Stored data
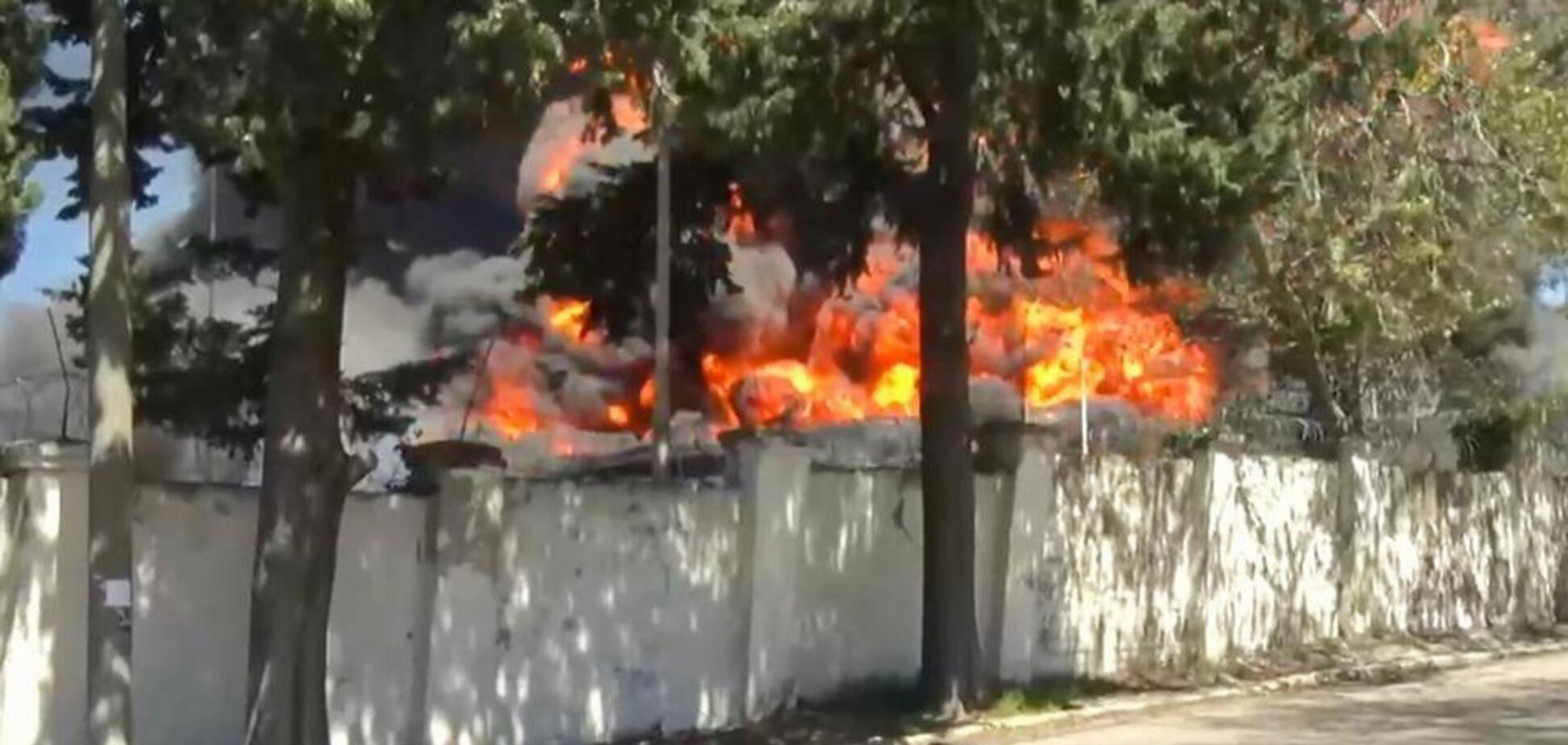 'Ніч була страшна, над містом стоять величезні стовпи диму': у Туапсе скаржаться на наслідки атаки на НПЗ. Відео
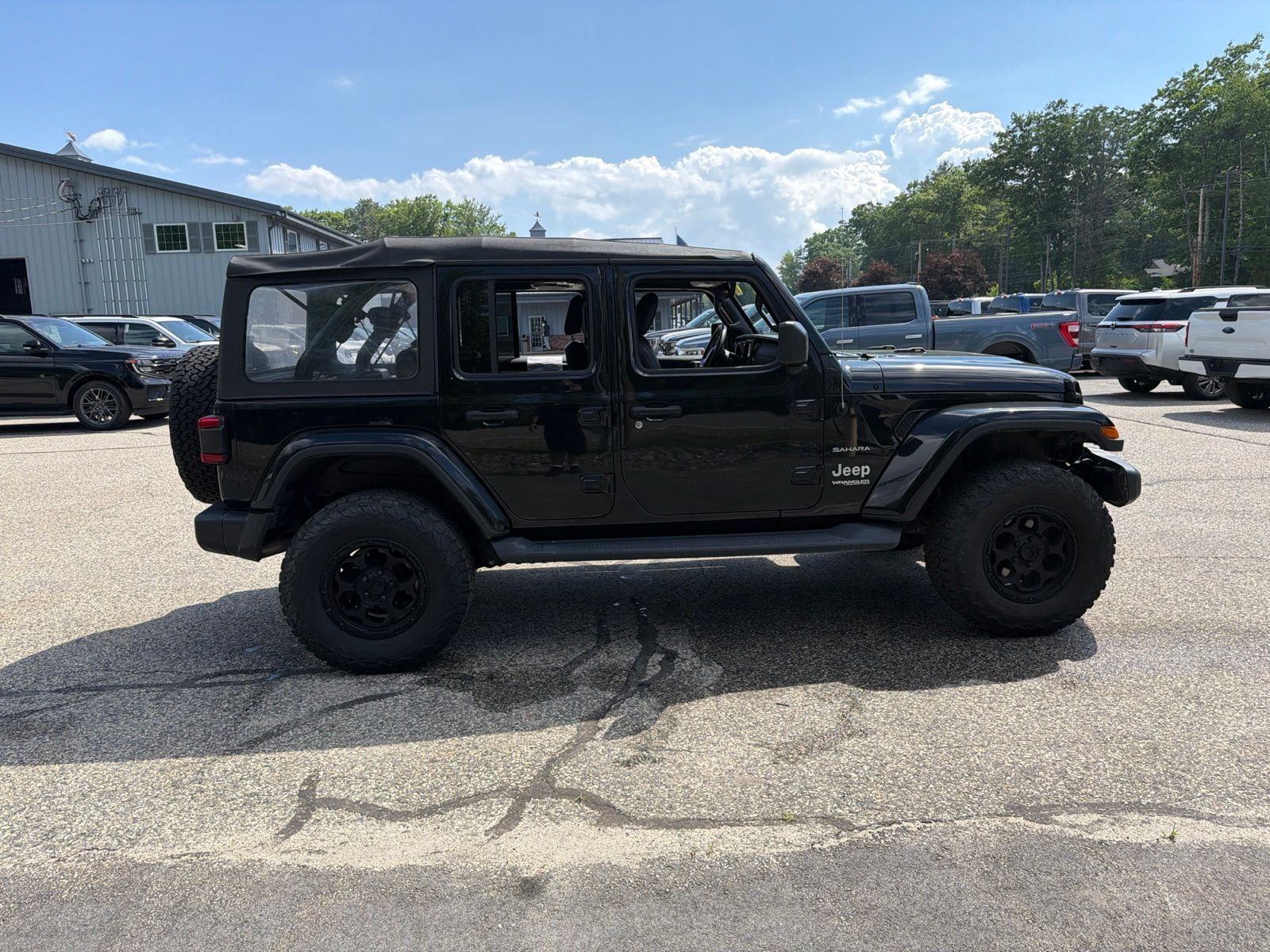 Used 2020 Black Jeep Unlimited Sahara image 9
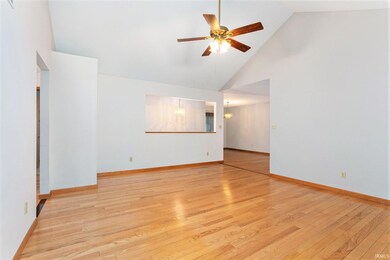 59202 Fairwind Dr, Elkhart, IN 46517 - photo 6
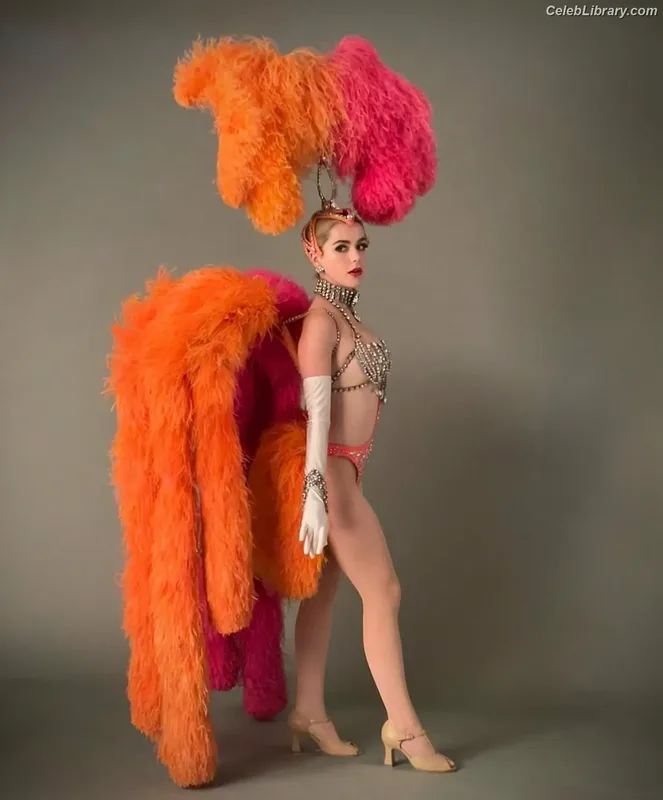 Kiernan Shipka photo 14 of 2601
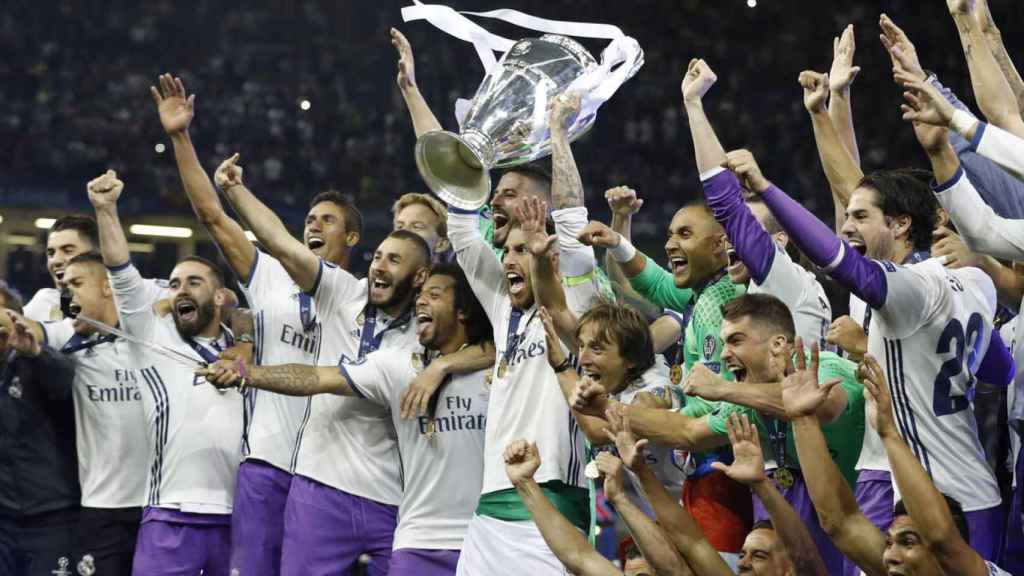 Los jugadores del Real Madrid celebran la Duodécima.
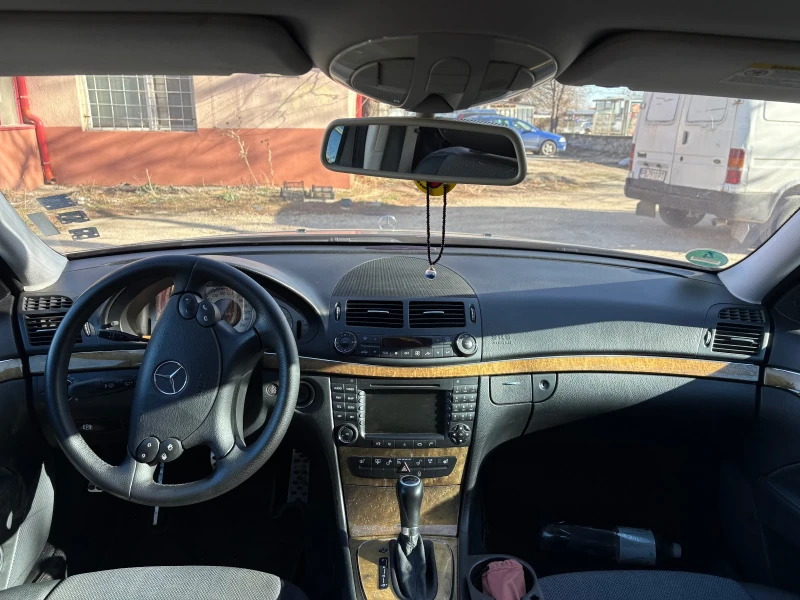 Mercedes-Benz E 320 Cdi, снимка 11 - Автомобили и джипове - 49108161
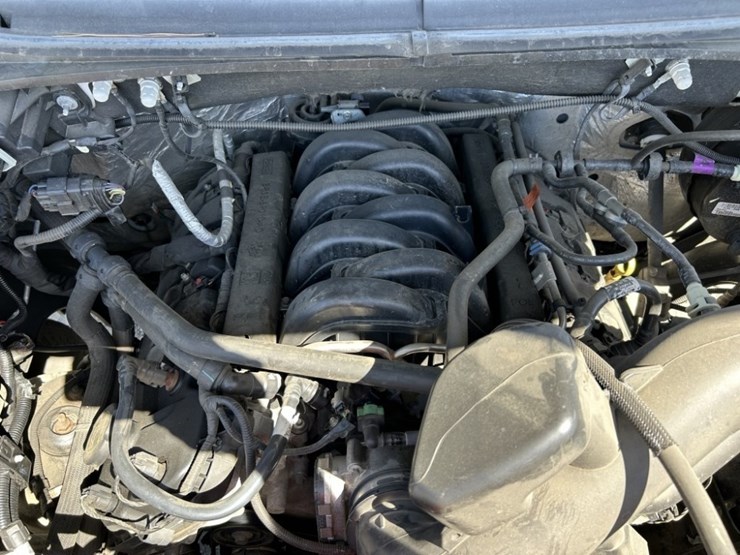2016-ford-f150-xl-image-43
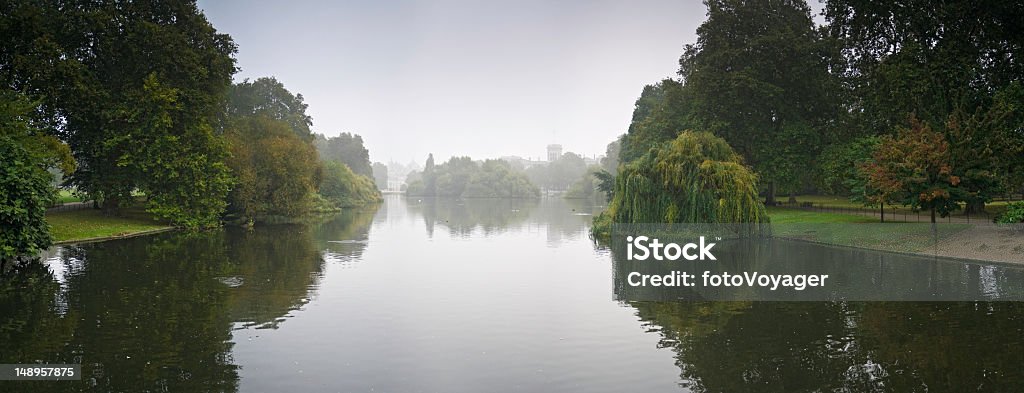 Londra tranquillità alba in St James Park - Foto stock royalty-free di Londra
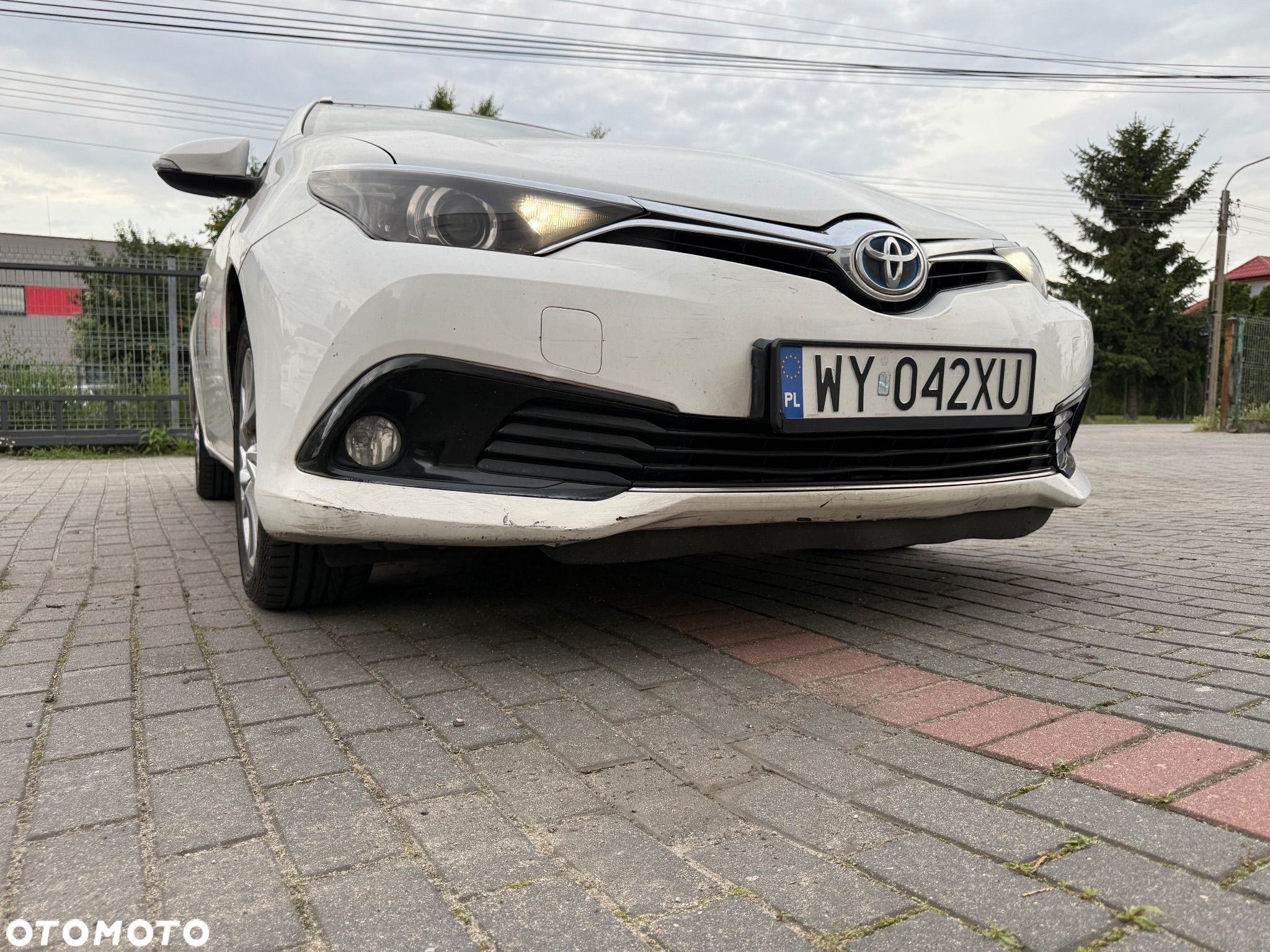 Toyota Auris Hybrid 135 Comfort - 1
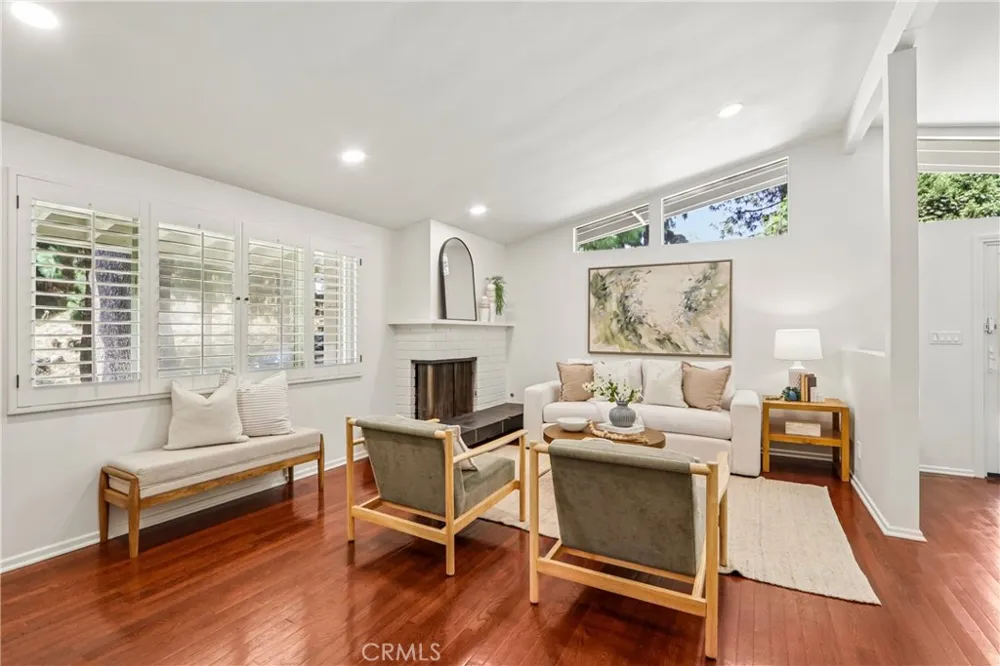 4548 La Granada Way La Canada Flintridge, CA 91011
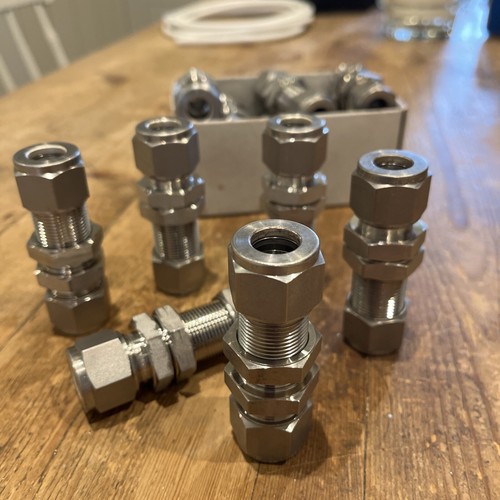 Swagelok bulkhead union - swagelok,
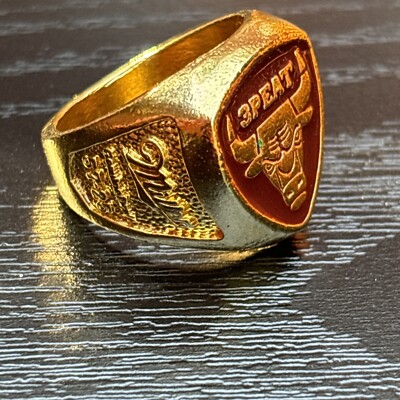 Vintage Chicago Bulls 1993 Peat Championship Ring Miller Beer Pre Owned  90s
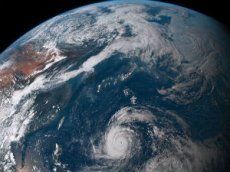 Японский спутник показал земной день за несколько секунд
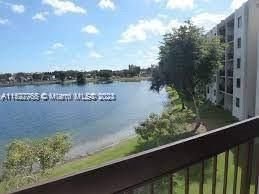 Real estate property located at 10290 9th Street Cir #310, Miami-Dade County, INDIAN LK VILLAGE PHASE 1, Miami, FL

Exercise requirements:
Write out the entries above word for word. Do not include the pictures.

Exercise response:
 'Ніч була страшна, над містом стоять величезні стовпи диму': у Туапсе скаржаться на наслідки атаки на НПЗ. Відео
 Used 2020 Black Jeep Unlimited Sahara image 9
 59202 Fairwind Dr, Elkhart, IN 46517 - photo 6
 Kiernan Shipka photo 14 of 2601
 Los jugadores del Real Madrid celebran la Duodécima.
 Mercedes-Benz E 320 Cdi, снимка 11 - Автомобили и джипове - 49108161
2016-ford-f150-xl-image-43
 Londra tranquillità alba in St James Park - Foto stock royalty-free di Londra
 Toyota Auris Hybrid 135 Comfort - 1
 4548 La Granada Way La Canada Flintridge, CA 91011
 Swagelok bulkhead union - swagelok,
 Vintage Chicago Bulls 1993 Peat Championship Ring Miller Beer Pre Owned  90s
 Японский спутник показал земной день за несколько секунд
 Real estate property located at 10290 9th Street Cir #310, Miami-Dade County, INDIAN LK VILLAGE PHASE 1, Miami, FL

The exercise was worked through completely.